◆ Raw data
------------------------

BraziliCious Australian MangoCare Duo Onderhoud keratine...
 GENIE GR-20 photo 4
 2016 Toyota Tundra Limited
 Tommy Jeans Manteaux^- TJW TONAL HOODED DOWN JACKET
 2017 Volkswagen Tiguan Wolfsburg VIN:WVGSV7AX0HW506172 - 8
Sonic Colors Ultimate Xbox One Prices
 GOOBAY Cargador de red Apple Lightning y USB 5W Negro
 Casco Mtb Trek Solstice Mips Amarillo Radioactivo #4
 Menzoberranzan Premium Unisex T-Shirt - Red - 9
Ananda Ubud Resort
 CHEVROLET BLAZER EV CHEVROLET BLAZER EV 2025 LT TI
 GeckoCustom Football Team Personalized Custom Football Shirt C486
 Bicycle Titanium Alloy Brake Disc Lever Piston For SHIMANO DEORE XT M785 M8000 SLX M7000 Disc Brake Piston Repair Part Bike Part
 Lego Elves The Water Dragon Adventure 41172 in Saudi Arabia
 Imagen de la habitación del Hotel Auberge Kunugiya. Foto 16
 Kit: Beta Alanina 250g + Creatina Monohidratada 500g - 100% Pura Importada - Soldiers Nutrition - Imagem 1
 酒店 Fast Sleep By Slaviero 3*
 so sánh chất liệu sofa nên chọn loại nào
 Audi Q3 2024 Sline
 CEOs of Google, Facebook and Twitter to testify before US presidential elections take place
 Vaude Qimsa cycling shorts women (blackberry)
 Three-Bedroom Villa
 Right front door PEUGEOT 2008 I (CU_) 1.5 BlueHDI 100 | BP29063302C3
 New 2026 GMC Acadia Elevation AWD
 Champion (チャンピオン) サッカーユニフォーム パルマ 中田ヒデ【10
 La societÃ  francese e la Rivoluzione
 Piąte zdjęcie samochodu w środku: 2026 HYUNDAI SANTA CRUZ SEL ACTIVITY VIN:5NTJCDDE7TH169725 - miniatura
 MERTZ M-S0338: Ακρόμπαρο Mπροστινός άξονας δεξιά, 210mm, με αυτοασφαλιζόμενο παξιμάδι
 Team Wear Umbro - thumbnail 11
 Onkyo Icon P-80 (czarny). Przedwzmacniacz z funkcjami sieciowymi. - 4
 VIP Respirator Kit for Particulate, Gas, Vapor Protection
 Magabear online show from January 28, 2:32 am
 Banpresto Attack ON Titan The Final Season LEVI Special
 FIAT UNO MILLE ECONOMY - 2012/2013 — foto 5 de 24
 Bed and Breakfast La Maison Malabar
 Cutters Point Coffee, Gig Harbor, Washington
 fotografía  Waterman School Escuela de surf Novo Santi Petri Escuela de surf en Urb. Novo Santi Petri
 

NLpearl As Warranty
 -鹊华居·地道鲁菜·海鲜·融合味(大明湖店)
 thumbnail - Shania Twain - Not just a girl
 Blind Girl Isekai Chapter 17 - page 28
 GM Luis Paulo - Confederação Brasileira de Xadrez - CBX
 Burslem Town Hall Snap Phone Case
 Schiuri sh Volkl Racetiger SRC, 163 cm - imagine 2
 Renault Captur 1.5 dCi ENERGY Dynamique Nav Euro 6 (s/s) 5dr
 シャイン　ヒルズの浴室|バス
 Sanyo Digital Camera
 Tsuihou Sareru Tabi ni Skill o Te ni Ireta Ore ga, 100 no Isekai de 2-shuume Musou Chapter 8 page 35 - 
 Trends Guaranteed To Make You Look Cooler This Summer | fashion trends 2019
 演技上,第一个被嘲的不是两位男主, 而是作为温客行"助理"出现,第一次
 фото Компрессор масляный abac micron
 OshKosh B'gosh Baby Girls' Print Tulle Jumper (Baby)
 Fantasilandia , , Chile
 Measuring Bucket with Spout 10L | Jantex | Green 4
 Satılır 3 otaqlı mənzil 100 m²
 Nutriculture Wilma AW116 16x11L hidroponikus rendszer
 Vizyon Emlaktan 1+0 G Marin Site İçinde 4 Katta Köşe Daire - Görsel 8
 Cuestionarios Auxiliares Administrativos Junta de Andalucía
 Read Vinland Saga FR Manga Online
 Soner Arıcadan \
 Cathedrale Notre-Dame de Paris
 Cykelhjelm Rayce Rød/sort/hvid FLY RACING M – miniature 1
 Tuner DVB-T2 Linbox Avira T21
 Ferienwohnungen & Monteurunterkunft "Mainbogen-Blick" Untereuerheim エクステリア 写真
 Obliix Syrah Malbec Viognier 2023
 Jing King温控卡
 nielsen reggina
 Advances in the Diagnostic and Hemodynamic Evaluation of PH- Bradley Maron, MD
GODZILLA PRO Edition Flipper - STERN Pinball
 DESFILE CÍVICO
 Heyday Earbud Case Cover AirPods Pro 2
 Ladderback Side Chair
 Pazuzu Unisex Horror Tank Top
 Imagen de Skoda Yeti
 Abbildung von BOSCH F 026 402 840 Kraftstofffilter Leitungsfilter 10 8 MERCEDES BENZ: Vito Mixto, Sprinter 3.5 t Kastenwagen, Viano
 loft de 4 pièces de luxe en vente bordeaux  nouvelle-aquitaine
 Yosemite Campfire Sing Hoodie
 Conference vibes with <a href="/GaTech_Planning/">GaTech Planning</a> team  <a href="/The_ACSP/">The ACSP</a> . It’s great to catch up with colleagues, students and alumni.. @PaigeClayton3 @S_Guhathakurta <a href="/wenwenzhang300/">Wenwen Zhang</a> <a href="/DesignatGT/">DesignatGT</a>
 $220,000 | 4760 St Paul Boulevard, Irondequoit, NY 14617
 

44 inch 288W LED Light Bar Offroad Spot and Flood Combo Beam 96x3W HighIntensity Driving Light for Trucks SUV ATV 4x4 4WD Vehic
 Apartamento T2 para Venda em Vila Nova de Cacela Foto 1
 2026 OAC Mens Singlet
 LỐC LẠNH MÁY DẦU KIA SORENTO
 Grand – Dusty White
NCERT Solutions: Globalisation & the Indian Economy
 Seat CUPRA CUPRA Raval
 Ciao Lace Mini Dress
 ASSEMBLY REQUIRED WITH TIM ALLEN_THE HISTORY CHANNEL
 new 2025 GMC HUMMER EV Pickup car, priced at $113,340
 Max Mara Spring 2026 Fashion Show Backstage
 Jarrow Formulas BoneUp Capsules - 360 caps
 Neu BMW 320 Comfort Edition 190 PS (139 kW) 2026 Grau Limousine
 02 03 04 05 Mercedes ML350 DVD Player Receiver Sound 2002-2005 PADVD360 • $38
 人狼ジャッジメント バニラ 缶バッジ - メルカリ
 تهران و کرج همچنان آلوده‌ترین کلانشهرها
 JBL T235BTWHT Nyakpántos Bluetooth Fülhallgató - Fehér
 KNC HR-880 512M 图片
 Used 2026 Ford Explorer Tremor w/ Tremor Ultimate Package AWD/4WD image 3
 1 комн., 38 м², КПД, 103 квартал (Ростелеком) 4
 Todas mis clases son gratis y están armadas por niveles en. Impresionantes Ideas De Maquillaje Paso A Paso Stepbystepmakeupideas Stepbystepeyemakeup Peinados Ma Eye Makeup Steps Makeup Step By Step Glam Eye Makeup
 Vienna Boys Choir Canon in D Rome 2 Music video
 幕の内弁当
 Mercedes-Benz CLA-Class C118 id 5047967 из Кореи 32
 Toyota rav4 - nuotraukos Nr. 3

------------------------

◆ Task goal
Output only the lines from the top of the entries through the one holding "CHEVROLET BLAZER EV CHEVROLET", copied exactly.

◆ Exercise result
BraziliCious Australian MangoCare Duo Onderhoud keratine...
 GENIE GR-20 photo 4
 2016 Toyota Tundra Limited
 Tommy Jeans Manteaux^- TJW TONAL HOODED DOWN JACKET
 2017 Volkswagen Tiguan Wolfsburg VIN:WVGSV7AX0HW506172 - 8
Sonic Colors Ultimate Xbox One Prices
 GOOBAY Cargador de red Apple Lightning y USB 5W Negro
 Casco Mtb Trek Solstice Mips Amarillo Radioactivo #4
 Menzoberranzan Premium Unisex T-Shirt - Red - 9
Ananda Ubud Resort
 CHEVROLET BLAZER EV CHEVROLET BLAZER EV 2025 LT TI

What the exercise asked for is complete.